So be sure to subject anything I say to critical interrogation before accepting it.
What to do when a stock that was halal when we bought it gets classified as haram?
These classifications of halal and haram are likely coming from automated stock screeners.
So I think it’s important we understand what stock screeners do inorder to ascertain whether a stock is halal or haram.
All of them will look at haram revenue to be less than 5% of total revenue this applies to practical islamic finance as well, we do the same thing you can see our reviews for free on practical islamic finance dot com.
These screeners will also use some measure of the amount of debt a company has. Whether it’s debt/equity, debt/assets or debt/market cap and compare it to a predetermined limit.
In the case of Practical Islamic Finance we focus on interest expense in relation to the size of the companies operations.
Also, following PIF’s footsteps, some screeners have recently begun injesting ESG ratings too.
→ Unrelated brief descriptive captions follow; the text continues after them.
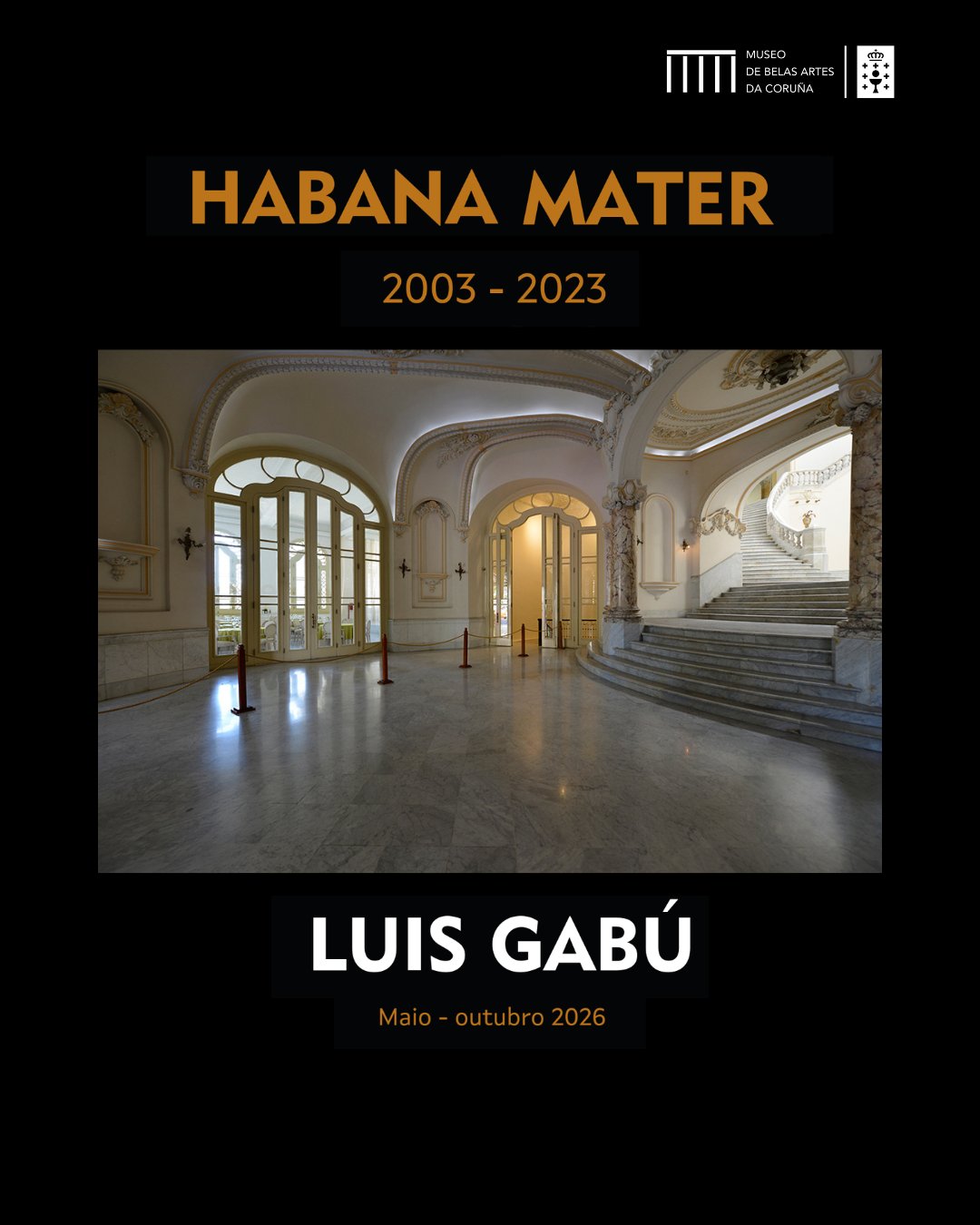 HABANA MATER. 2003-2023. Luis Gabú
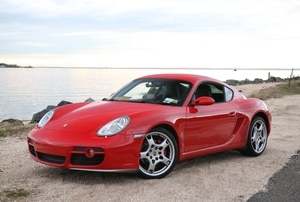 2006 Porsche Cayman S 6-Speed Project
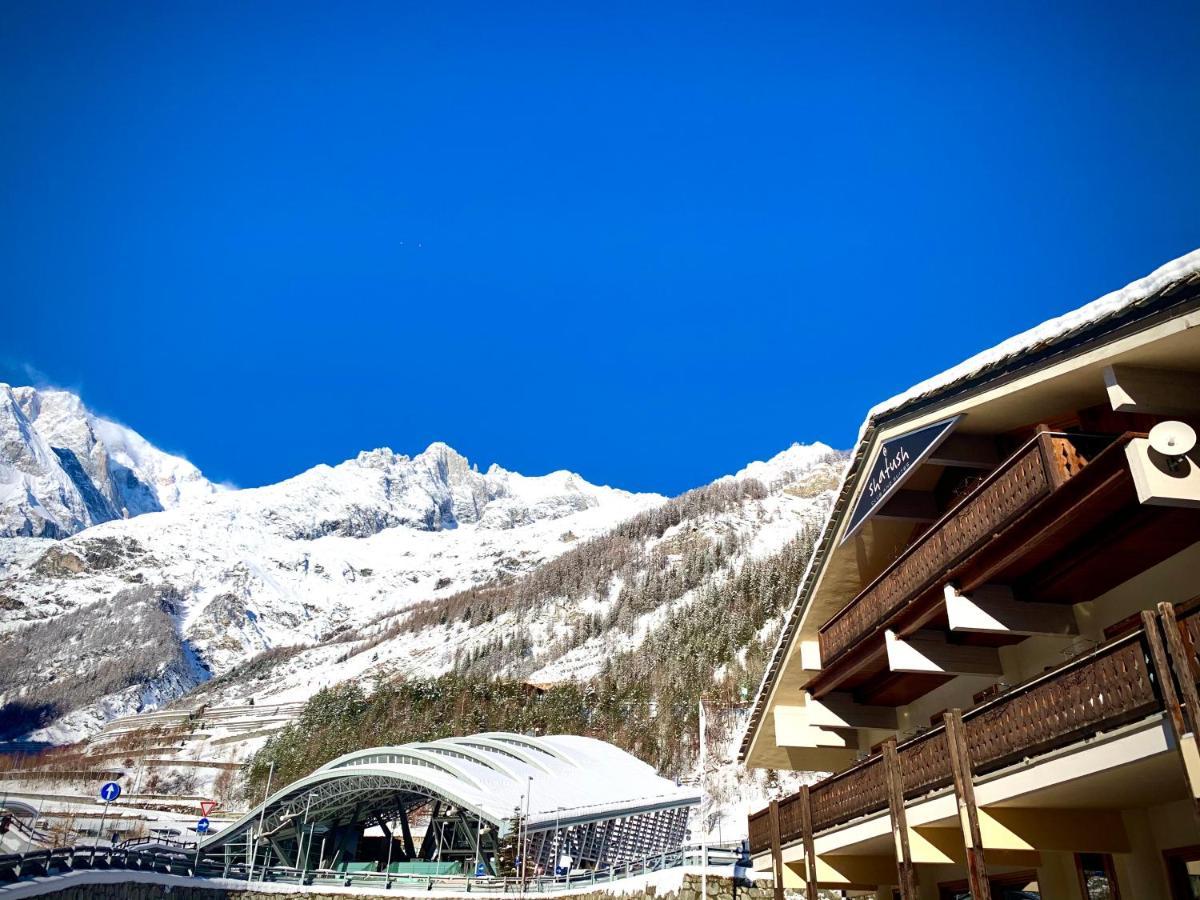 Shatush Hotel Courmayeur Buitenkant foto
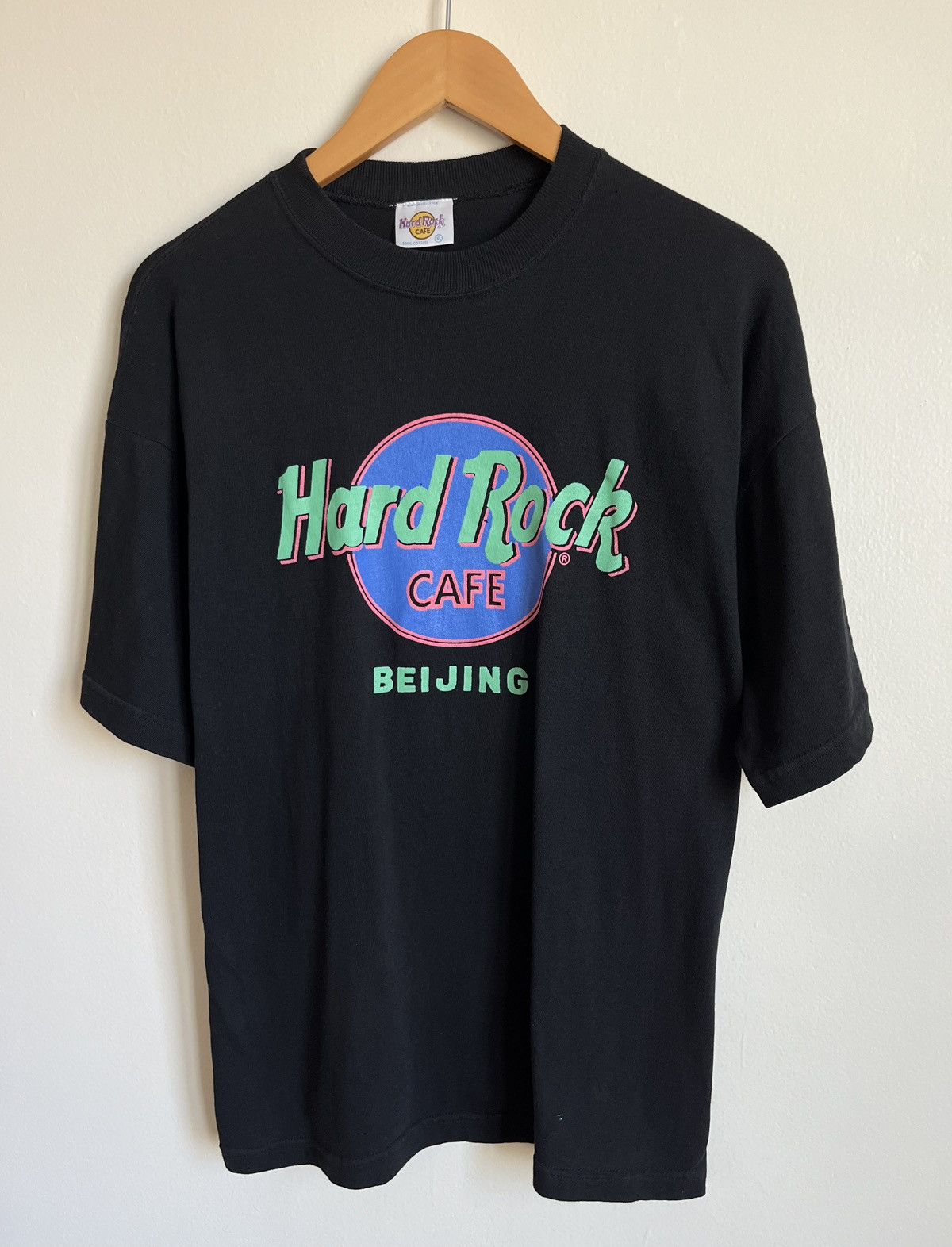 Hard Rock Cafe Vintage 90’s Hard Rock Cafe “Beijing” T-Shirt Size US XL / EU 56 / 4 - 1 Thumbnail
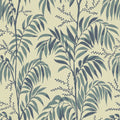 Casablanca Afternoon wallpaper by Långelid/von Brömssen in Misty Green - botanical design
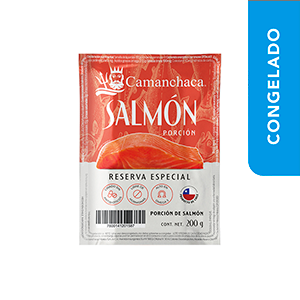 Filete de salmón Camanchaca 200g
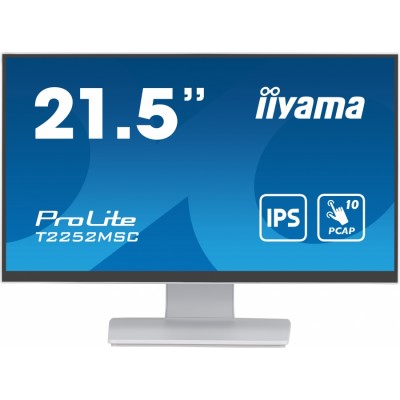 Monitor iiyama ProLite para PC 54,6 cm (21.5") 1920 x 1080 Pixeles Full HD LCD táctil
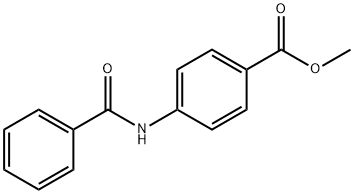 Methyl 4-benzamidobenzoate Structure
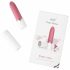 Magic Motion Lotos - smart, uppladdningsbar mini läppstiftsvibrator (rosa)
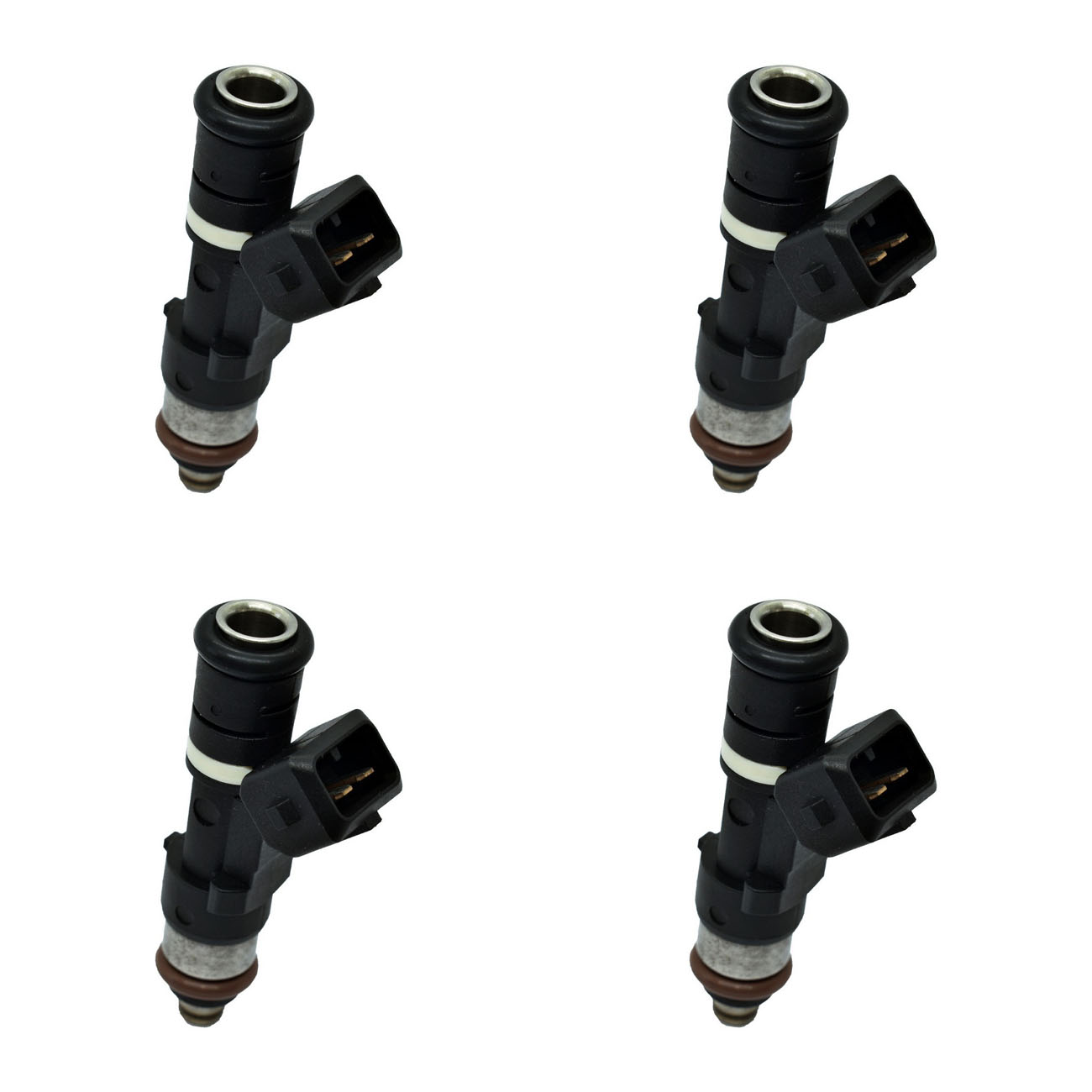 Kit 4 Inyectores Ford Fiesta Ecosport Focus 1.6 16v Sigma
ESG refers to the Environmental, Social and Governance impact of the company on the various parties it comes to contact with.
Regarding these criteria it’s important to understand that the commonly used 5% haram revenue limit is not mentioned in the Quran or Sunnah. It is a best-faith estimate and nevertheless, at the end of the day, a made-up number.
There is also nowhere in the Quran or Sunnah where the amount of debt a company can have is capped at a certain amount. In fact debt isn’t even prohibited at all, interest is. That’s why PIF focuses on the latter.
However, even the interest standard which PIF employs uses a made-up number that is a 5% cap of interest expense / total operating expense in order to draw a line between that which should be considered trivial and that which isn’t.
Further, the ESG impact part of the rating is almost entirely subjective.
Company X is cutting down the Amazon rainforest but they also found the cure for a terminal illness, what’s the ESG score for that?
Additionally, in most cases, the service or app you are using is being driven by code that is completely oblivious to the circumstances and nuances of the company in question.
Here I should mention that PIF’s comfort ratings are reviewed by a human before they are published.
Not to mention, the financial reports themselves which are being used to determine halal and haram ratings, are typicaly months old.
The SEC requires that companies report their annual earnings (form 10-K) no later than 60 days from the end of its fiscal year.
So by the time the stock screeners get this information and they change their rating for a stock, their information is already two months old and who knows what the situation is today.
All this to say the following:
These stock screening services are only, at best, subjective moral judgements based on very rough approximations of the truth a few months ago.
Therefore, I think reacting to the the results of a stock screener changing the rating of a company you invested by abruptly making buy or sell decisions in your portfolio is probably not the wisest course of action.
For example, let’s say the company you’re invested in ran a temporary marketing gimmick last quarter which included selling a pork product.
This pushes their revenue from haram sources, according to the stock screeners rough estimations, from 3.5% to 5.5%
Your average stock screener is going to issue a haram verdict on this stock for the next three months until the next quarter’s financials are released.
Does this mean you should sell your shares immediately?
The marketing gimmick was something that happened in the past, it’s not happening now. The percentage of revenue from haram sources is a rough estimation anyway, because companies don’t normally provide the public with granular breakowns of their revenue which are needed to make accurate calculations of haram revenue. So the best anyone can do is a rough estimation of haram revenue.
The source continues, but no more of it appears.